I really enjoyed this interview with Lisa Graziose Corrin by Chicago Gallery News, a premier source for art happenings in Chicago. I subscribe to their email list and I’m always eager to read their weekly interviews with museum directors and gallery owners. Lisa Graziose Corrin is currently the Director of the Mary and Leigh Block Museum of Art at Northwestern University, but she was previously the Director of the Williams College Museum of Art (WCMA), which is a place dear to my heart, as I lived in Williamstown for one year and absolutely loved it.
The way she describes her connection to the Met in New York and how it’s like home to her is endearing, and her observation of Monet’s Women in the Garden reminds me why I love art as I do. When we look at art we are forced to examine what we’re looking at while keeping in mind that what we see at first glance is not necessarily the whole picture.

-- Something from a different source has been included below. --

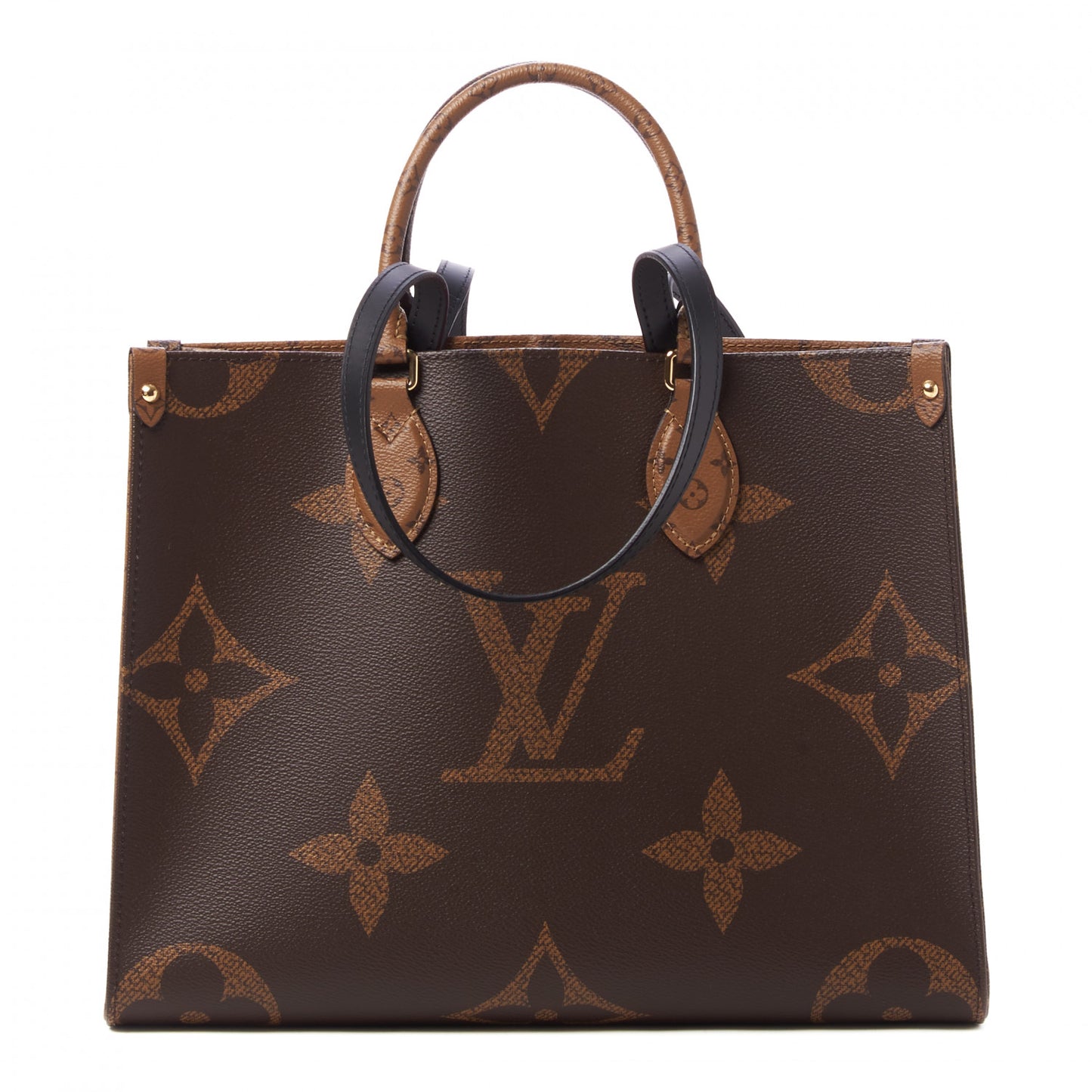 Reverse Monogram Giant Onthego MM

I remember going to the Met and seeing a small study of Monet’s Women in the Garden, which is now in the Musee d’Orsay, and seeing the shadow on the back of a train on a woman’s dress and the hundreds of shades of green and grey that composed this picture. I realized Monet was not painting women’s dresses at all, he was painting the effects of light. It was like a veil had been lifted from my eyes and everything I looked at around me after that changed. I saw how art could be a window onto other ways of perceiving and understanding the world. At that moment I thought “Wow I want to be looking through those windows for the rest of my life.”
This is the passage that particularly stood out to me. I just love her insight into the art world landscape, the future of leadership within the museum field, and the way she responds to work that inspires her.